Unfortunately, in Allegany County much has not changed with its adult smoking rate, which is still more than 28 percent. A high smoking rate has led to cancer as the chief cause of death in Allegany County, closely followed by heart disease, stroke, and lower respiratory disease. The one thing that all of these causes of death have in common is that they can all be associated with tobacco use.  The Allegany Council on Alcoholism and Substance Abuse, Inc.(ACASA) at (585) 593-1920 x713, offers free cessation classes and nicotine replacement therapy products. Also, the New York State Smokers’ Quitline is a free service for smokers and can be reached at 1-866-697-8487.  It is never too late for a person to quit smoking and take back his/her health from tobacco use.

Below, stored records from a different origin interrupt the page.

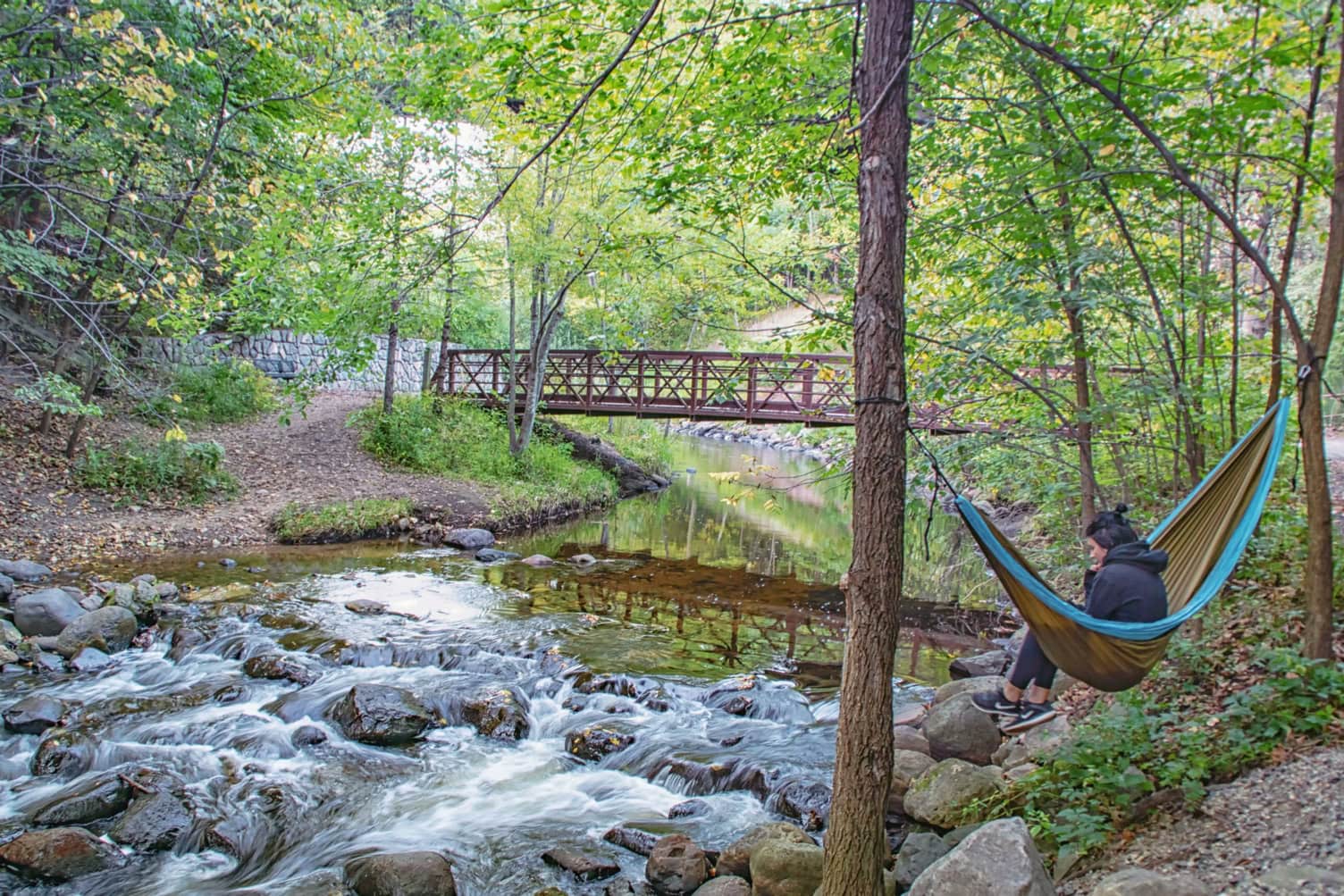 Femme assise au bord d'un ruisseau au parc Moir, à Bloomington, Minnesota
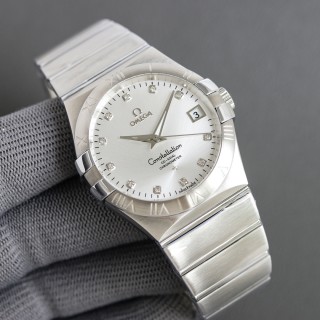 Omega Constellation 39mm Silver Dial Men's Watch view 4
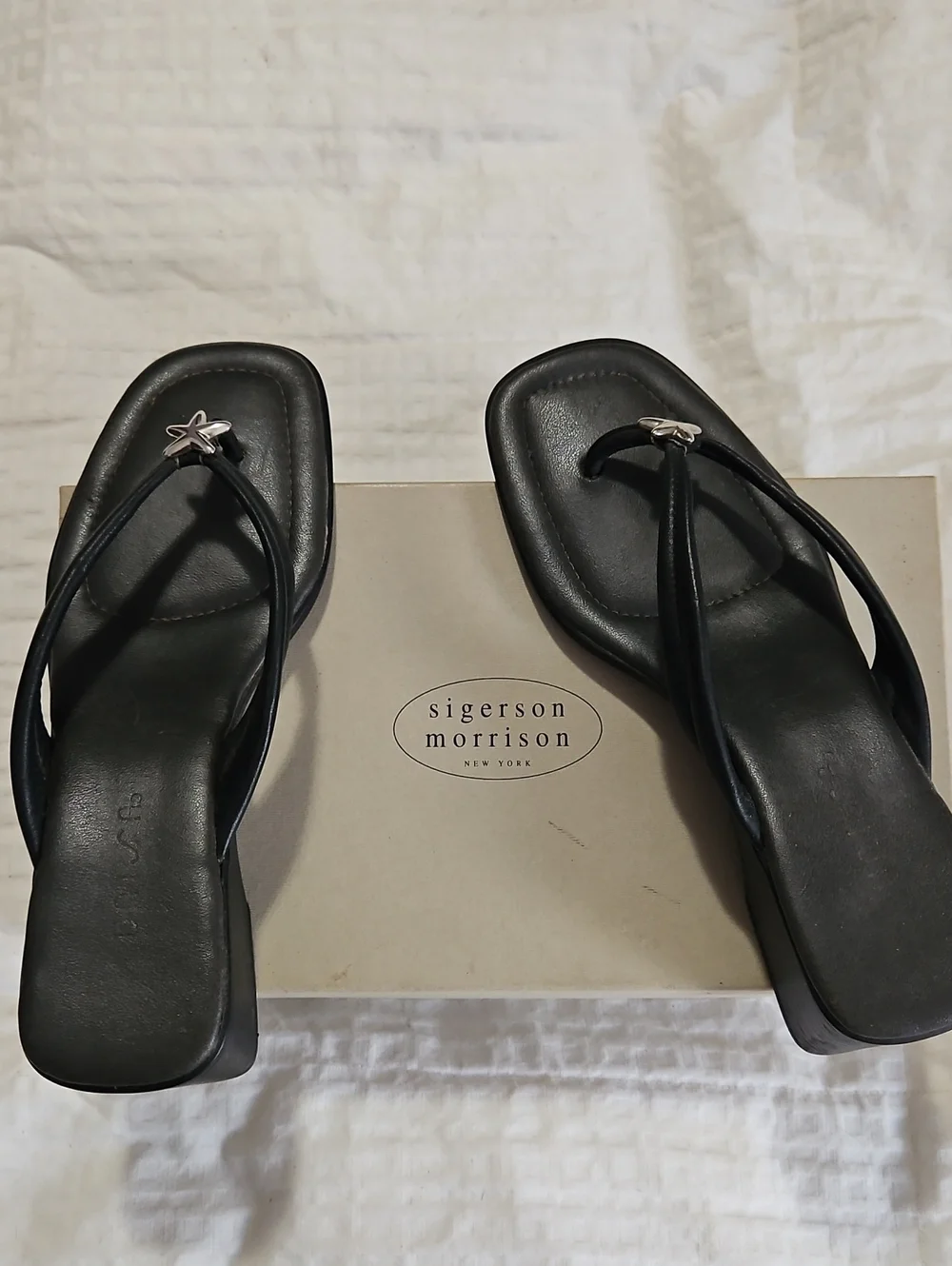 Sigerson Morrison Black Leather Square-Toe Thong Sandals with Star Accent
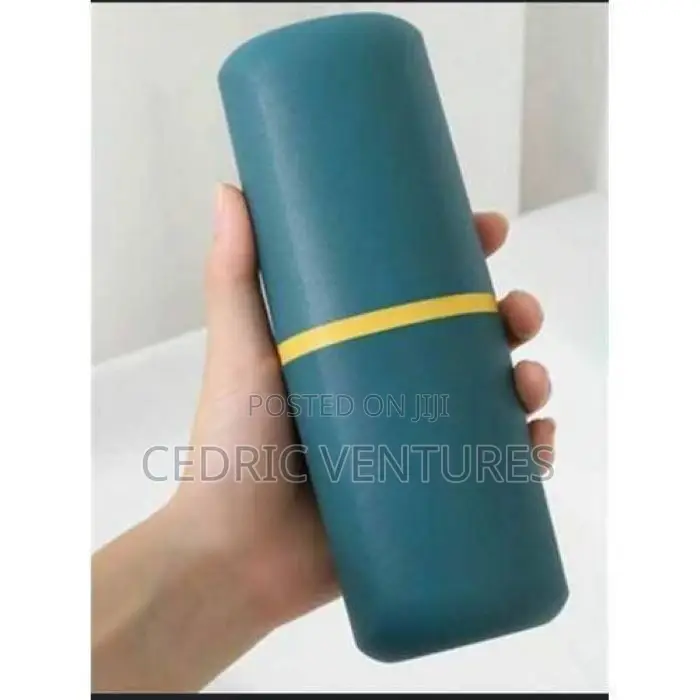 Plastic Toothbrush and Toothpaste Holder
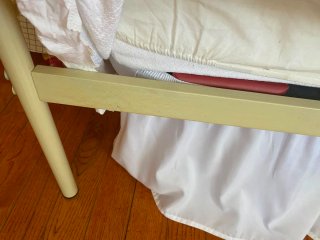 Cama de forja 150cm con 2 lamparas de techo.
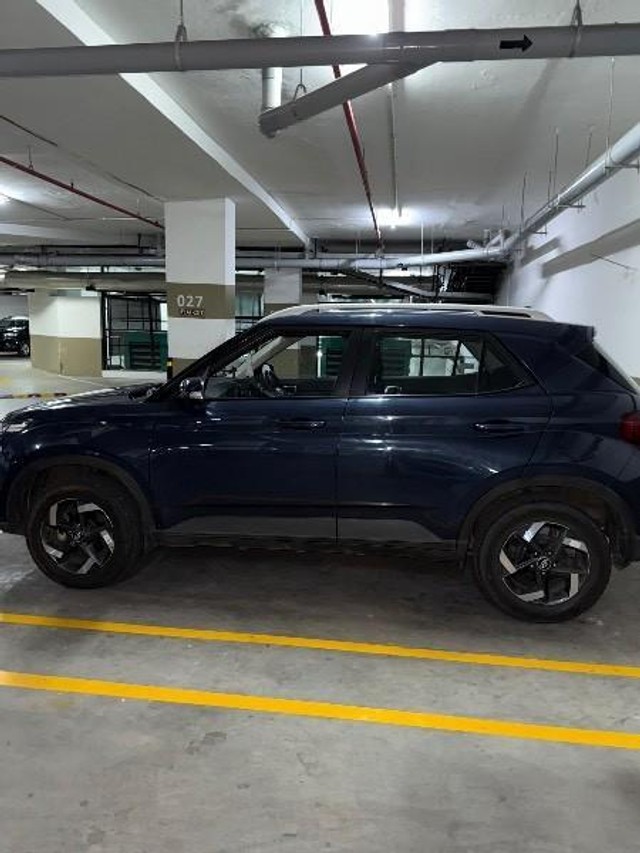 Second-hand 2021 Hyundai Venue SX Turbo iMT for sale in Bangalore-4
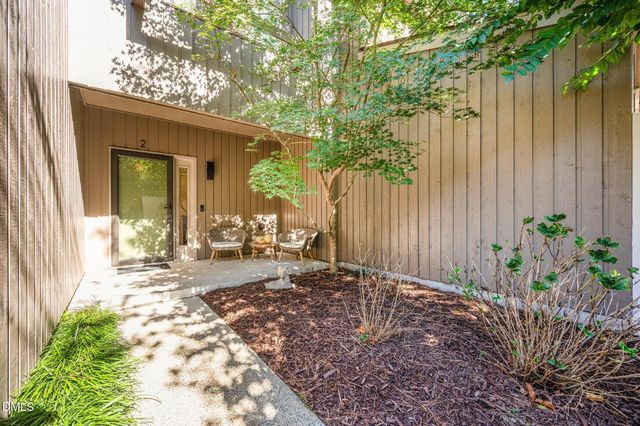 2 Vauxhall Place, Chapel Hill, NC 27517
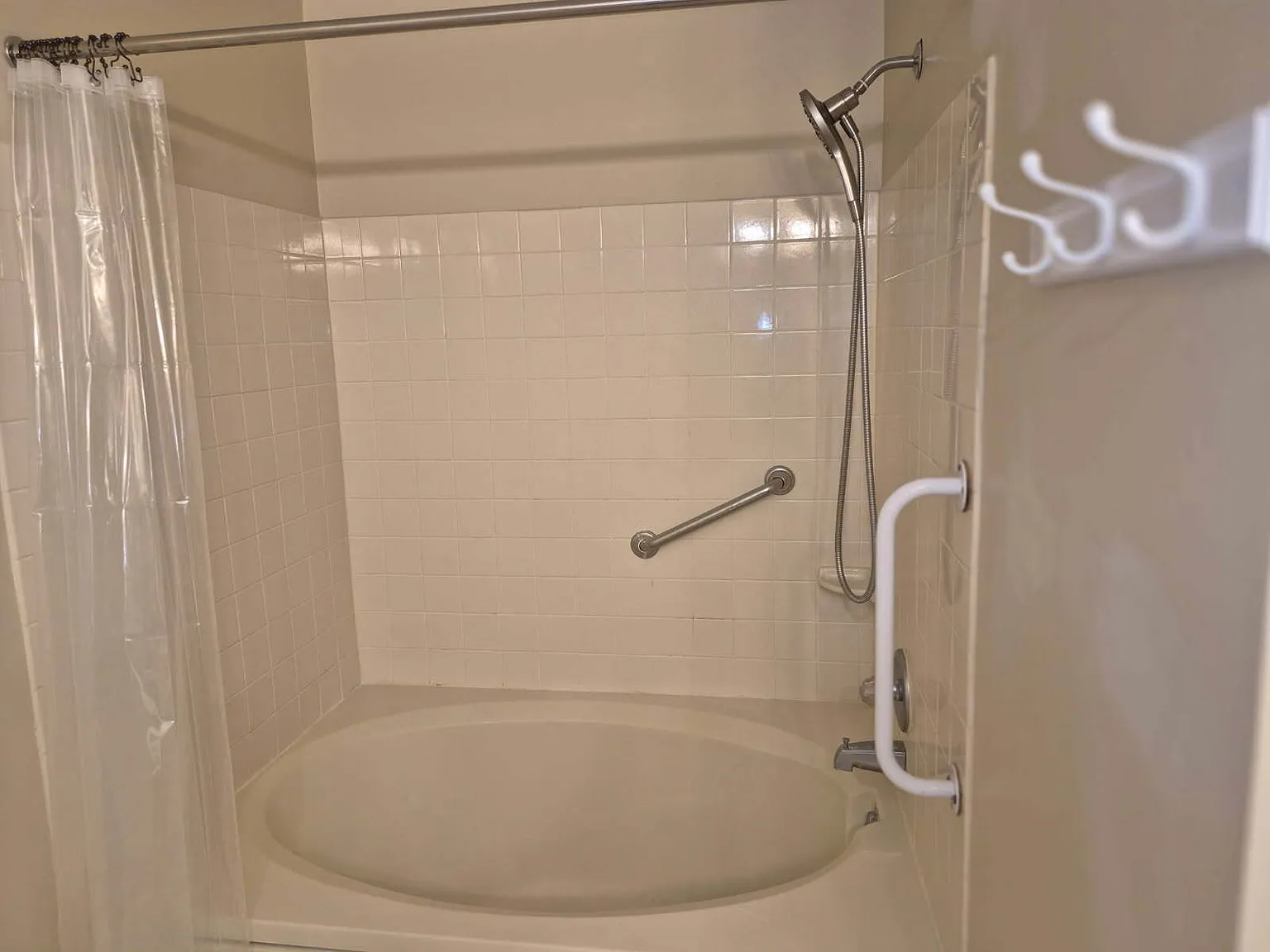 2102 Brookhaven Drive - 1 — Photo 4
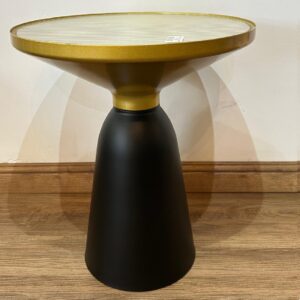 MESA AUXILIAR BASE NEGRA CON DORADO TOP ACRILICO 2901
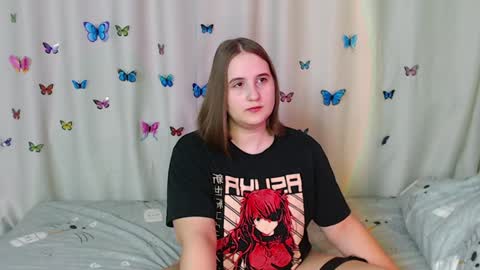 Snapshot of phantommira chatting on January 24, 6:25 pm phantommira online show from January 24, 6:25 pm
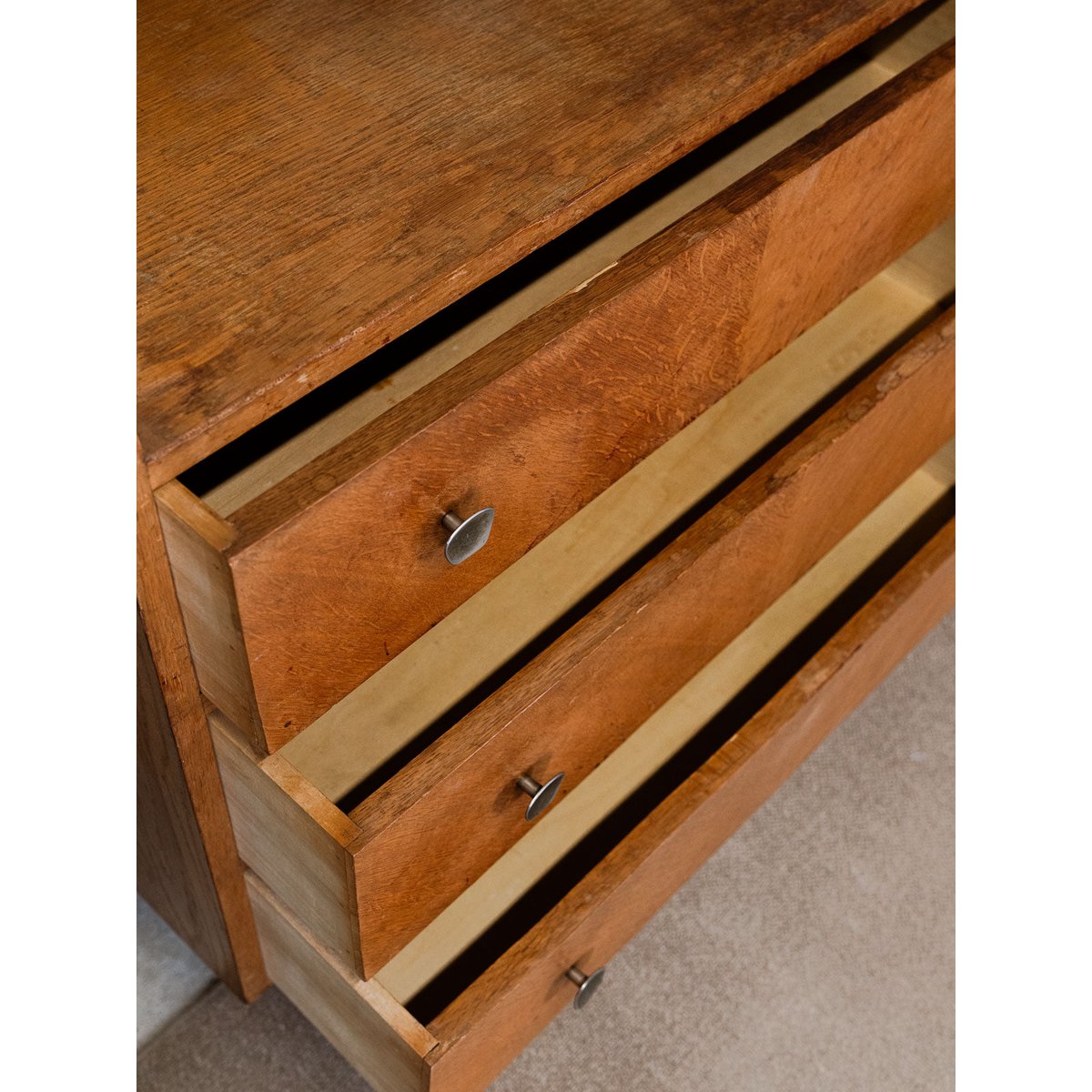 Commode en bois Olga N°458 - Bon état bois clair, DEBONGOUT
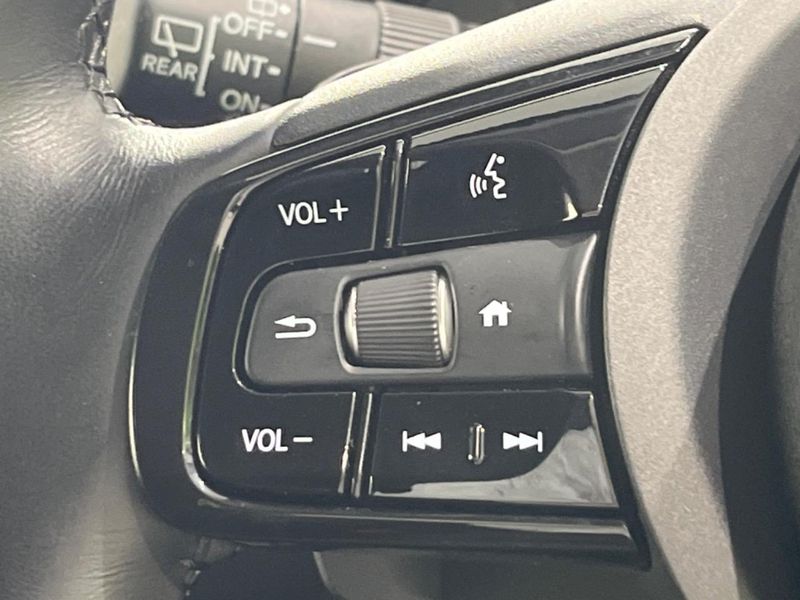 2021 Honda Vezel 6AA-RV6 (UW-6a36055674542)[13]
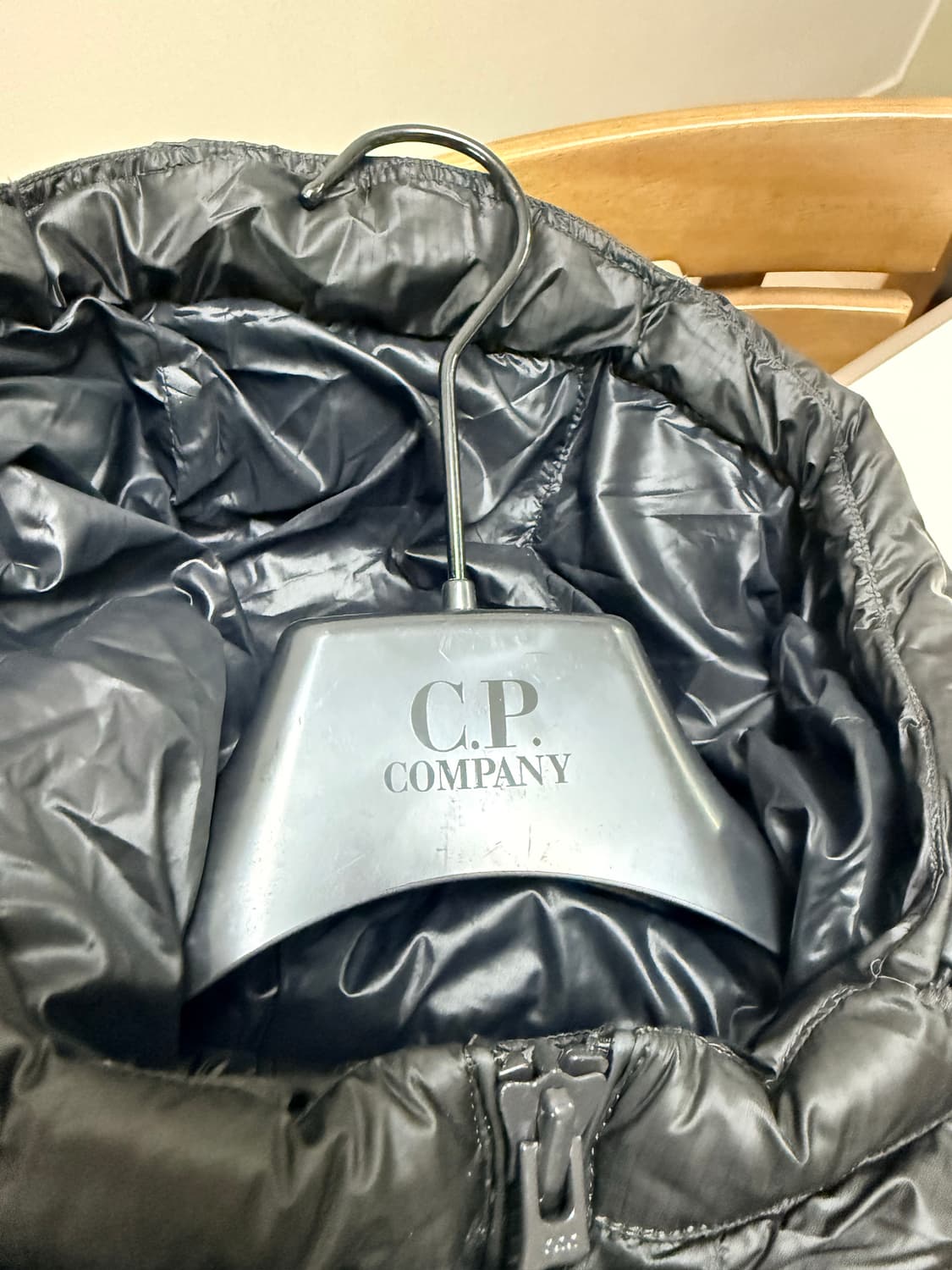 25FW CP컴퍼니 DD쉘 후드 다운 패딩자켓 블랙 M 상품이미지3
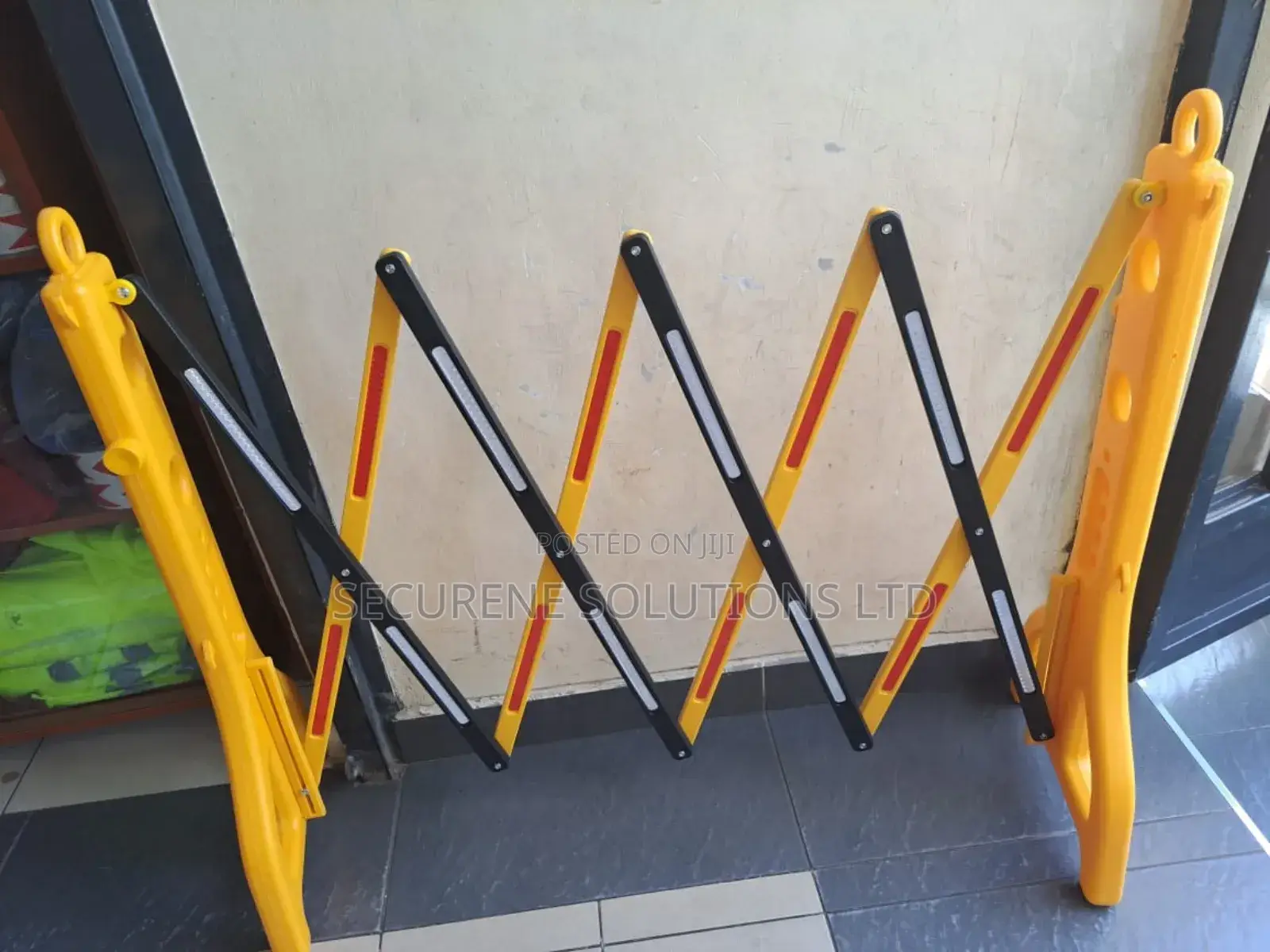 2.8meters Plastic Expandable Foldable Barrier For Traffic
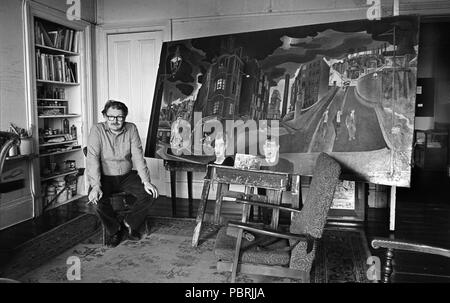 L'artiste et écrivain écossais, Alasdair Gray, assis à côté d'un de ses tableaux à Glasgow 1983 Banque D'Images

Governor Cuomo previously announced that the high school student smoking rate fell to an historic low of 4.3 percent in 2016, down from 27.1 percent in 2000. More bad news for Allegany County as the high school student smoking rate of 8.2 percent is almost double the state average. However, the Department of Health also found that e-cigarette use by high school students increased from 10.5 percent in 2014 to 20.6 percent in 2016. More positive news is that Allegany County’s high school student use of e-cigarettes is13.9 percent, which is lower than the state average. This low rate could be connected to the existence of  “only” two vape stores in Allegany County, but most convenience stores and chain stores, such as Dollar General, sell e-cigarette devices. In 2017, Governor Cuomo signed legislation banning the use of e-cigarettes on school grounds and adding e-cigarettes to New York’s Clean Indoor Air Act.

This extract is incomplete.